* **Activity**
Reproduce all of the entries below exactly, without images.

* **Data records**
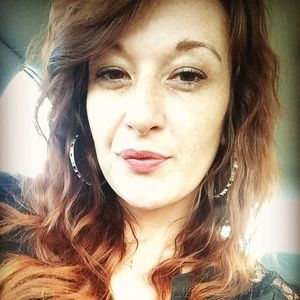 Meet your Posher, Lacey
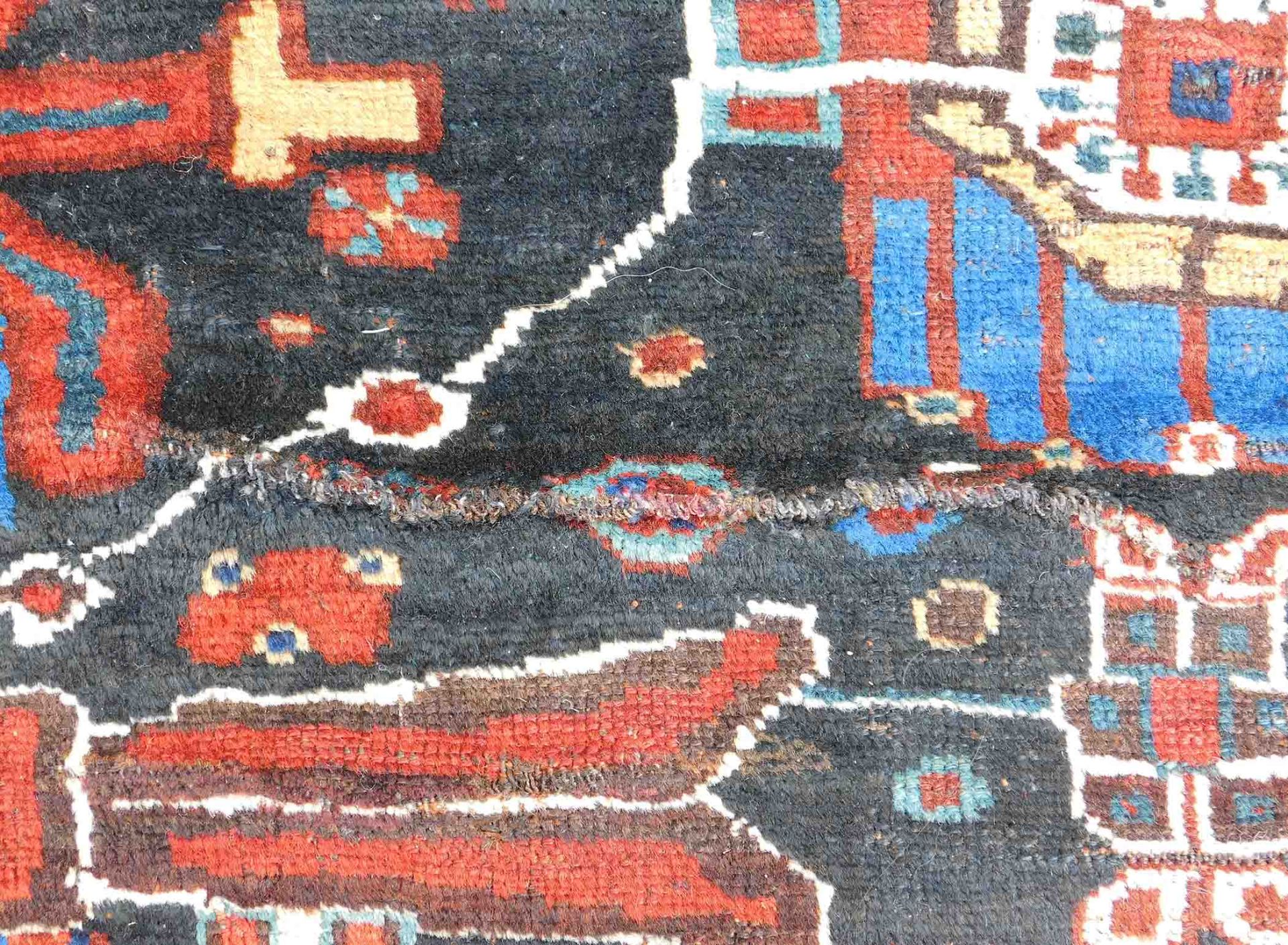Khamseh Baharlu Persian carpet. Iran. Antique, around 1900.188 cm x 173cm. Knotted by hand. Wool - Image 5 of 8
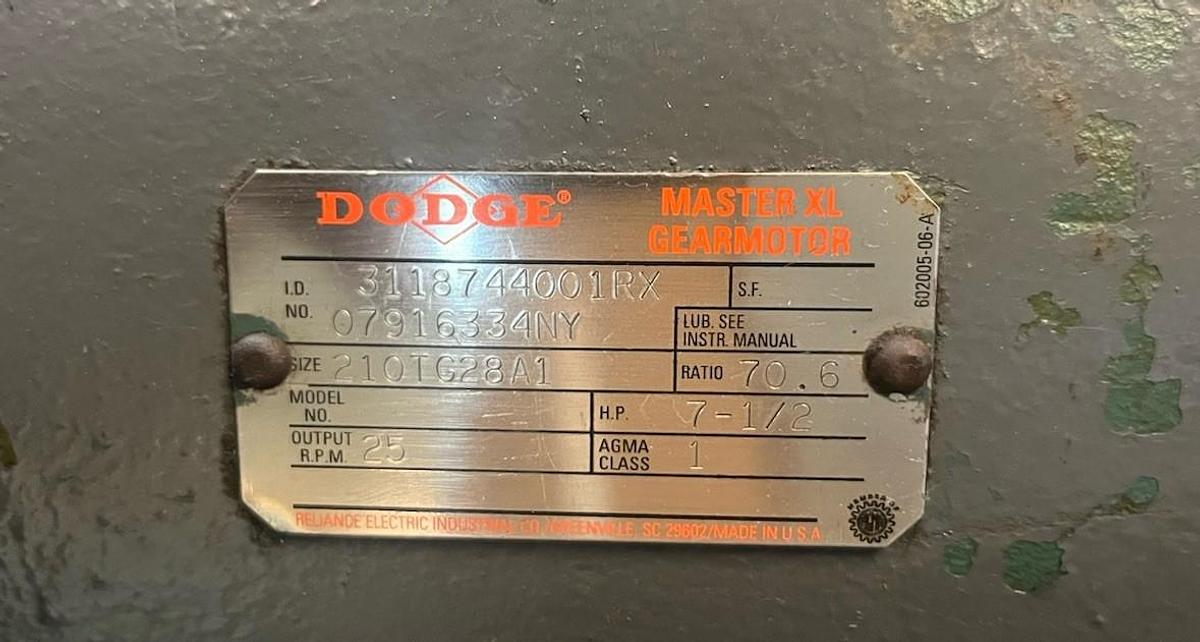 Used DODGE,210TG28A1,MASTER XL GEARMOTOR REDUCER 70.6:1 7.5HP OUT 25RPM SHFT 2.75"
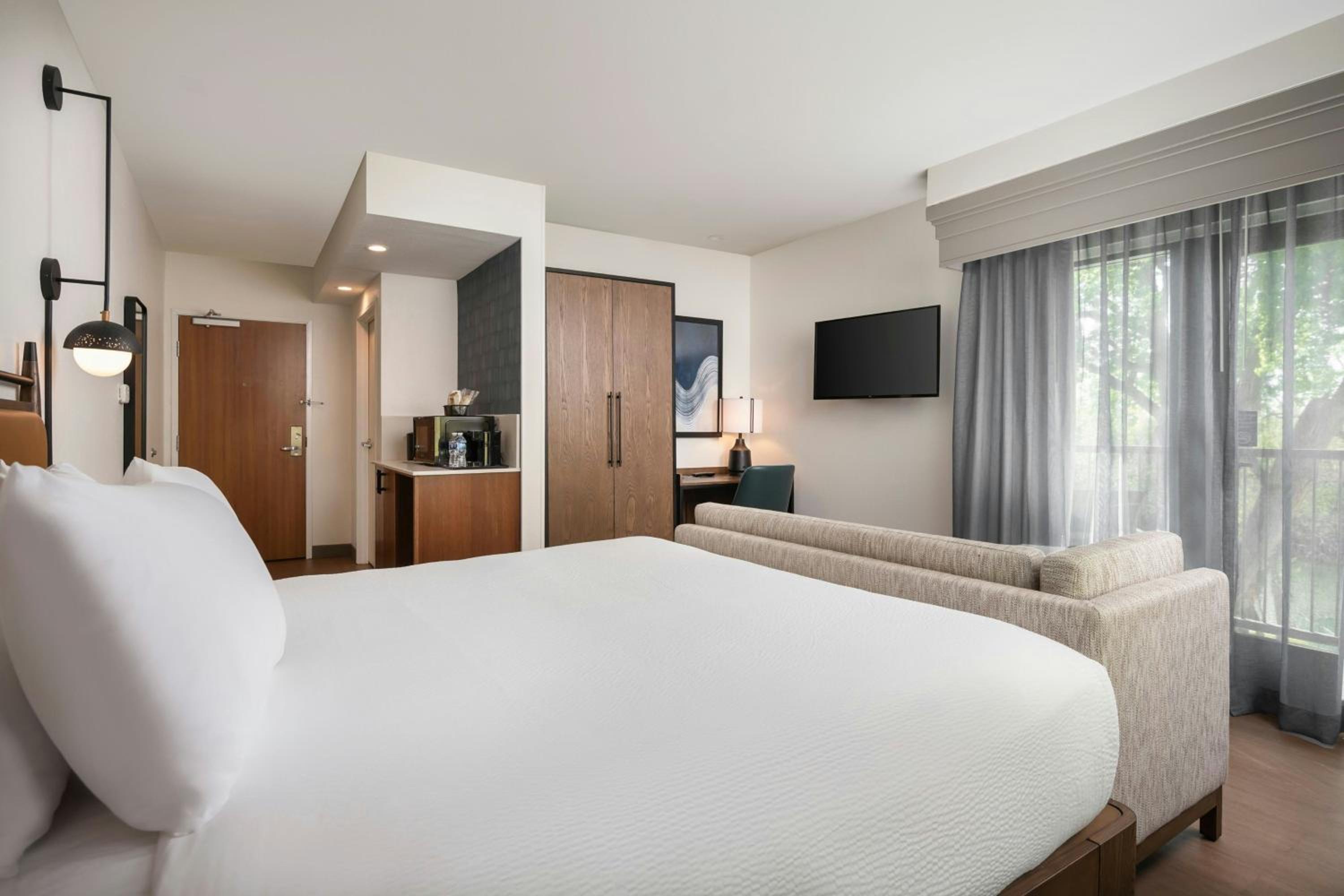 King Room with Panoramic View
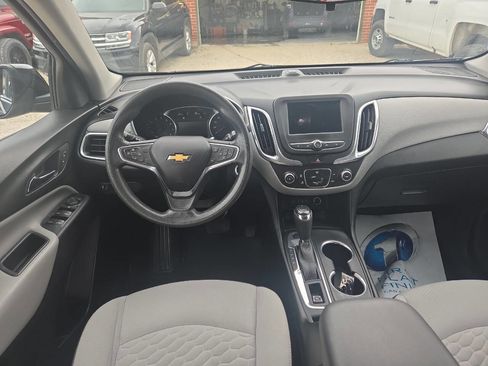 Used 2019 Chevrolet Equinox LT image 12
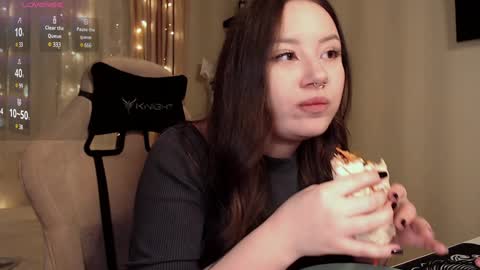Snapshot of sinigami_ chatting on December 26, 2:22 am Ari online show from December 26, 2:22 am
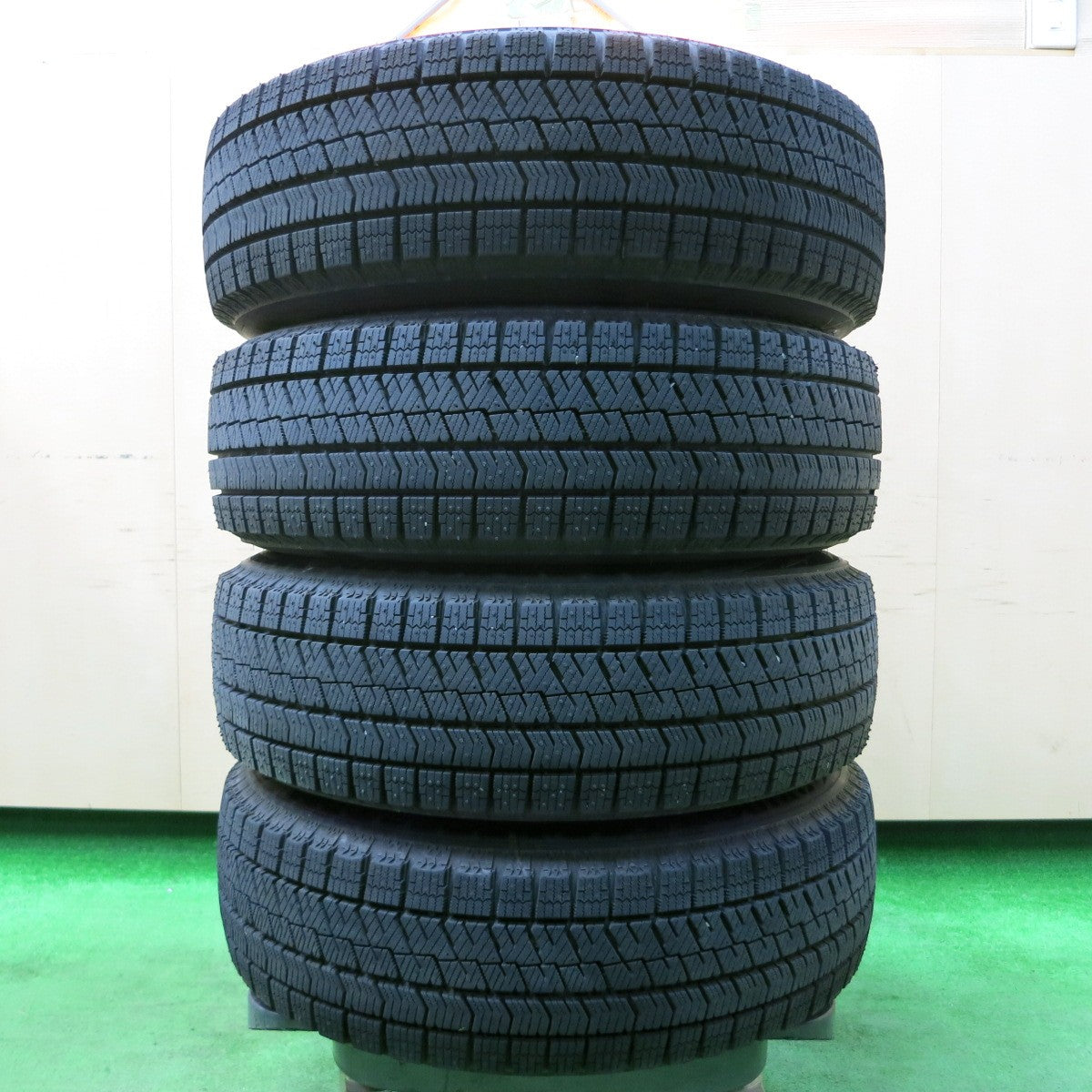 *送料無料* バリ溝！22年！キレイ！ほぼ10分★スタッドレス 165/65R14 ブリヂストン ブリザック VRX2 PREO プレオ 14インチ PCD100/4H★4031905イス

* **Exercise output**
 Meet your Posher, Lacey
Khamseh Baharlu Persian carpet. Iran. Antique, around 1900.188 cm x 173cm. Knotted by hand. Wool - Image 5 of 8
 Used DODGE,210TG28A1,MASTER XL GEARMOTOR REDUCER 70.6:1 7.5HP OUT 25RPM SHFT 2.75"
 King Room with Panoramic View
 Used 2019 Chevrolet Equinox LT image 12
Snapshot of sinigami_ chatting on December 26, 2:22 am Ari online show from December 26, 2:22 am
 *送料無料* バリ溝！22年！キレイ！ほぼ10分★スタッドレス 165/65R14 ブリヂストン ブリザック VRX2 PREO プレオ 14インチ PCD100/4H★4031905イス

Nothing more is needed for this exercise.